Secondary endpoints	Myocardial salvage index and final infarct size measured by MRI
	Regional cardiac function based on echocardiographic and MRI segmental analysis at 2-7 days and at 4 months (for echo) and at 3-7 days and at 4 months (for MRI).
	Global cardiac functional parameters measured by echocardiography and MRI
	Myocardial infarct size as measured by serum CK-MB release during the first 72 hours after PCI.
	Microvascular obstruction measured by DCE MRI 3-7 days after PCI.
	Blood pressure and heart rate at 1 day, 7 days and at 4 months
	The occurrence within 4 months of a Major Adverse Cardiac Event (MACE) defined as cardiac death, myocardial infarction, coronary bypass grafting, or a repeat PCI.
	Repeat PCI in the infarct related artery during 4 months follow up.
	Plasma glucose levels during the first 72 hours.
	Side effects of exenatide
	Angiographic parameters as Thrombolysis in Myocardial Infarction (TIMI) frame count and TIMI blush grade

Sample Size

Myocardial infarct size as a percentage of the area at risk will be the primary endpoint of the study. With a power of 0.9 and an alpha error of 0.05, and with an anticipated 15% reduction in myocardial infarct size in the treatment arm considered clinically relevant, 48 patients per treatment arm have to be enrolled. To allow for dropout of 10% (based on previous experience), a total of 108 patients will be enrolled.

Statistical Analysis

The study results will be evaluated based on intention to treat analysis. Depending on the distribution of continuous outcomes, independent samples t-test or Mann-Whitney U test will be used as appropriate. Binary end points will be compared using Fisher exact probability test. For survival and clinical events, Kaplan Meijer curves will be displayed and comparison of the curves will be done using log rank testing based on a proportional hazards model.

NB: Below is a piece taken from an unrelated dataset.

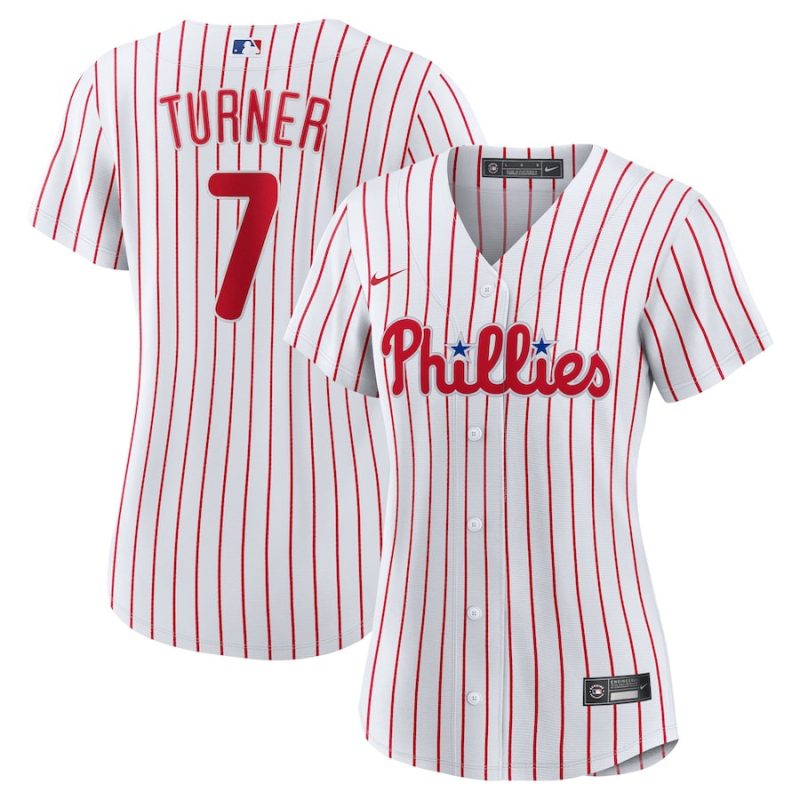 trea turner 7 philadelphia phillies women home jersey white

Conclusion and implications

The EXAMI study, as outlined above, is a randomized clinical trial to investigate the cardioprotective properties of exenatide in patients with acute MI undergoing primary PCI, by means of measuring final infarct size compared to area at risk as measured with MRI. If reduction in infarct size is accomplished, exenatide may constitute a valuable therapeutic auxiliary for reperfusion therapy in patients with acute MI.

Trial status

Currently including patients

Competing interests

The authors declare that they have no competing interests.

Authors' contributions

MS made contributions to conception and design and of the trial, data acquisition and has been involved in drafting the manuscript. LT contributed to conception and design of the trial and drafted the manuscript. FB, RD and WC contributed to data acquisition and critically revised the manuscript for important intellectual content. AB contributed to trial design, designed the MRI protocols and critically revised the manuscript for important intellectual content. OK contributed to trial design, designed the echocardiography protocols and critically revised the manuscript for important intellectual content. MD, AH, HN, AR, NR, PD and YA contributed to conception and design, and critically revised the manuscript for important intellectual content. All authors have given final approval of the version of the manuscript to be published.